The Berkeley, California, ban on installing natural gas connections in newly constructed buildings was recently struck down by a unanimous federal court ruling.

A three-judge panel in the U.S. Court of Appeals for the Ninth Circuit on April 17 overturned an earlier decision that had upheld the prohibition, which city officials said was designed to curb greenhouse gas emissions that result from burning fossil fuels. The ban, which took effect in 2020, had applied to natural gas infrastructure for use with HVAC systems, water heaters, and cooking appliances.

The appeals judges found that the specific form of Berkeley’s gas infrastructure prohibition, which was written into its building code, is preempted by the federal Energy Policy and Conservation Act (EPCA).

“Berkeley can’t bypass preemption by banning natural gas piping within buildings rather than banning natural gas products themselves,” concluded Judge Patrick J. Bumatay in his opinion.

The case, brought by the California Restaurant Association (CRA), was sent back to the U.S. District Court for the Northern District of California, where the CRA’s claim that the ban is also preempted by California law will be heard.

“Cities and states are not equipped to regulate the energy use or energy efficiency of appliances that businesses and homeowners have chosen; energy policy and conservation is an issue with national scope and national security implications,” said CRA president and CEO Jot Condie in a press release. “This ordinance, as well as the solution it seeks, is an overreaching measure beyond the scope of any city.”

The CRA was represented by the law firm of Reichman Jorgensen Lehman & Feldberg.

“The Ninth Circuit’s ruling today underscores the importance of a consistent national energy policy, which was Congress’ intent the whole time,” said Sarah O. Jorgensen, a partner in the firm, in an April 17 press release. “Cities and states should not be permitted to overrule energy decisions that affect the country as a whole.”

Berkeley city attorney Farimah Faiz Brown said the city is evaluating its next move.

Matt Vespa, an attorney with the environmental group Earthjustice, said the appeals court’s decision was disappointing but not entirely surprising, given that the judges seemed skeptical during oral arguments.

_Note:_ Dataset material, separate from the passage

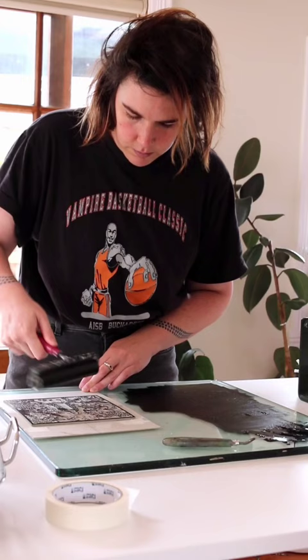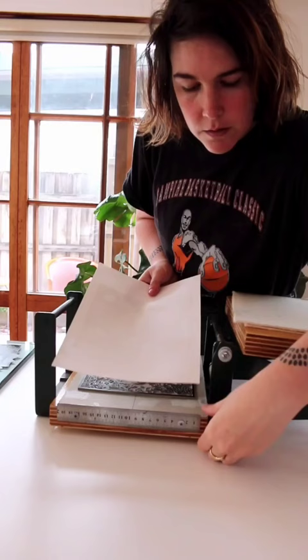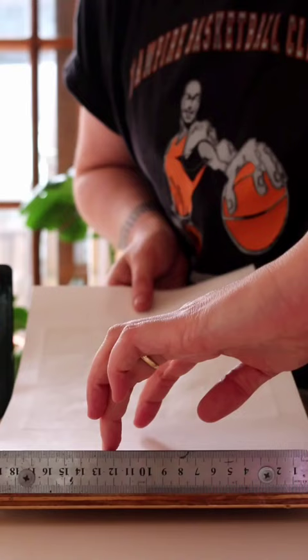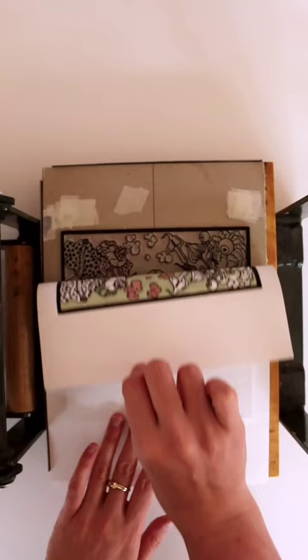I'm a lino cut printmaker and this is printing layer 3, the final layer in the first of my 2024 calendar print series. This print was created using a reduction technique, which means that with each layer I carved away more at the block, and the block was destroyed as I created the print.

“We’re obviously disappointed with the ruling and it does, to us, feel like an overreach,” Vespa said. Earthjustice had filed an amicus brief last year in support of the city’s position.

Berkeley’s natural gas infrastructure prohibition was the first such ban in the nation. Since it was adopted, other states and municipalities have adopted measures to curb or prohibit the expansion of fossil fuel use.

New York City, for example, in late 2021 banned natural gas hookups for new buildings of less than seven stories beginning this year, and for taller buildings beginning in 2027 (there are exceptions, including for commercial kitchens).

Attorney Amy Turner, who leads the Cities Climate Law Initiative at the Columbia University law school, said the appeals court’s decision should have a limited scope. It applies only within the Ninth Circuit (Alaska, Arizona, California, Hawaii, Idaho, Montana, Nevada, Oregon, Washington, Guam, and the Northern Mariana Islands), Turner said. And it leaves the door open for different approaches to a ban than the one Berkeley took, Turner said.

New York City, for example, Turner said, enacted its ban through an ordinance restricting air pollution.

“Legal questions remain in connection with the air emissions standard approach, particularly with respect to limitations of state law, but many local governments retain authority to regulate air pollution to some degree,” Turner wrote in a blog post.

The prohibition had resulted in the electrification of newly constructed buildings in Berkeley that likely would have had natural gas infrastructure absent the ban. The majority of electricity used in the city comes from renewable sources such as wind and solar power; most Berkeley electricity customers buy electricity through East Bay Community Energy (EBCE), a not-for-profit public agency.